Austria

Austria

About the Unterweger farm

Founded in

1972

Peter Unterweger took the farm over from his father in 2005

Livestock

80 dairy cows plus followers

Employees

Family farm

Area

78 ha, including

64 ha grassland,

14 ha oats, millet, triticale

Soil type

Loam, some gravel soils, medium-heavy

Annual rainfall

Approx. 1,000 mm

CLAAS machinery

ARION 410

CORTO 3200 FN

DISCO 2650

LINER 1650 TWIN

About Austria

Population

Approx. 8.7 million

Total area

8.39 million ha (20.73 million acres)

Area under cultivation

2.73 million ha (6.74 million acres)

Including 1.30 million ha (3.2 million acres) permanent grassland and 1.36 million ha (3.3 million acres) arable land.

Number of farms

166,317,

including 92% sole traders

There are a lot of good farmers who do things right.

 

Agriculture in Austria is dominated by family-run and fairly small farms. This is partly due to the natural terrain – in other words, the mountains. The Unterwegers' farm is also in a hilly region where the main emphasis is on grassland. Austria makes a virtue of its natural features, and embarked on a consistent quality strategy many years ago. The percentage of mountain farms is very high (around 40%), and there are also large numbers of organic farms (around 18%). Austria's supermarkets now offer a very wide range of regional and organic products. Currently, 9% of butter sales and 19% of milk sales are organic, and demand is increasing. Austria's farmers are also among the youngest and best educated in the European Union.

 

Even against this background, the Unterwegers' decision to convert to organic farming was a long process. "We thought about it for at least ten years," says Peter, and his wife Maria agrees: "Even having the idea 'Why not go organic?' and starting to look into things took several years." But suddenly, the decision was made.

 

This was perhaps helped by talking to colleagues, which is very important to Peter, whether they are organic or conventional farmers: "There are a lot of good farmers who do things right," he says. He believes that you have to keep learning, your whole life long.

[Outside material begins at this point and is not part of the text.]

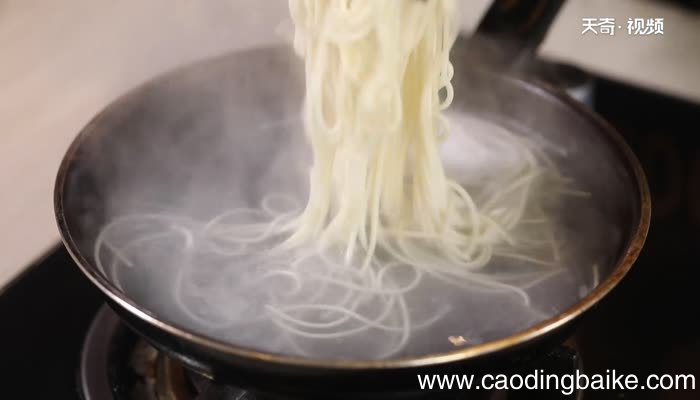 酸辣炒面的做法 酸辣炒面怎么做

Modern technology helps me to produce exactly the feed quality that I need.

 

What Peter likes best is being outside with nature, preparing pastures or working in the forest. "In the summer I can almost do without technology, because nothing is simpler than knocking in a few posts and leaving the cows in the pasture. But I need high-quality feed for the winter, and you only get that with efficient machines." Good service is just as important as the machines themselves. That's why Peter relies on his agricultural machinery dealer Bernhard Wölfleder, who he has known since kindergarten. When Bernhard switched from Steyr to CLAAS a few years ago, Peter was also persuaded. "The forage harvesting machines simply deliver the best quality," confirms Bernhard Wölfleder, and Peter adds: "I used to own tractors that I'd had for 20 years, and they were OK. But modern technology helps me to produce exactly the feed quality that I need."

 

Peter usually manages four cuts a year, although this varies from field to field. "Every pasture is at a different growth stage. There's also the weather risk, it's very changeable. If it's too wet, I can't always get into the meadows." So he harvests the meadows at different times. This is also the reason why he harvests his grass as bale silage instead of putting it into a clamp. It's more flexible and guarantees the same forage quality all the time, he explains. Peter mows and prepares the grass silage with his own machines, a CLAAS ARION 410 with a mower combination consisting of a CORTO and a DISCO, as well as a LINER 1650 TWIN swather. Baling and wrapping are carried out by contractors.